My world has shattered into a millions pieces before

But I picked them up to become the new me.

Growth is about loving yourself,

But also to let others be there for you when you are in need.

I pushed people away for the sake of my sanity

But I realised; it wasn’t all about the crowd,

but my inner self who had lost the will to BE.

All this time, I wasted on loving others;

I forgot about the ones who were in love with me.

But I end this pattern now

and let him stand right next to me.

I see why nothing worked with others.

Why I wondered if I’ll ever get back what I give.

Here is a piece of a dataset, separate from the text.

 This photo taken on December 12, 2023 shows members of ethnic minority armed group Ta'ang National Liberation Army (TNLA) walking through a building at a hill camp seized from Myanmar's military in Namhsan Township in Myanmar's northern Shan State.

To be in love is all about staying with him

for better or for worse.

Tell me love,

Are you too at peace ?

Dark.

He was right there

Asking me if I could stay

A little more that day.

I know, I wasn’t someone

he would wish to be with,

or silently crave.

But he must’ve felt,

my incompleteness; a certain way

like the Sun without its rays.

Sitting outside in the cold,

All I could see was,

his dark brown eyes staring at me.

All I could hear was;

his whispers, trying to comfort me.

The world seemed a better place,

when he took me in his embrace.

It was surreal.

Speechless, I can say.

I lost the count of words

to express my affection for him.

I missed him

even when he was sitting there,

right next to me.

Well, I couldn’t expect

the same from him.

After all, the graveyard

gives you no option

to bring back the dead.

Revenge.

I see you playing games

with my already frustrated mind.

I can not help but wonder

if you are still the same guy

who made me believe in love

and that we’d build a wonderful life.

The song you used to play

to praise my eyes and smile

has suddenly vanished away

for I haven’t heard it in a while.

Well, I guess,

now the melodies have changed

and your words have lost their rhyme.

Your heart might be the purest of all,

and your good deeds might be infinite.

But I think you aren’t aware;

breaking beautiful hearts can cost you

an irrecoverable loss for a lifetime.

Surprisingly,

I still don’t wish any ill for you,

for I’ve loved having you by my side.

Even though

my words may seem harsh sometimes,

I would never want you to feel lost

like a raindrop in an overcast sky.

Go on, and have your dreams fulfilled;

the ones you’ve always talked about

for revenge isn’t my thing, love.

I’ll see you grow with the love of your life

while I love myself enough

for not needing a love that was never mine.

Hurt.

You pulled me closer to your chest,

I could hear my heart beats going wild.

I was so in love with you,

couldn’t help but ignore all the negative signs.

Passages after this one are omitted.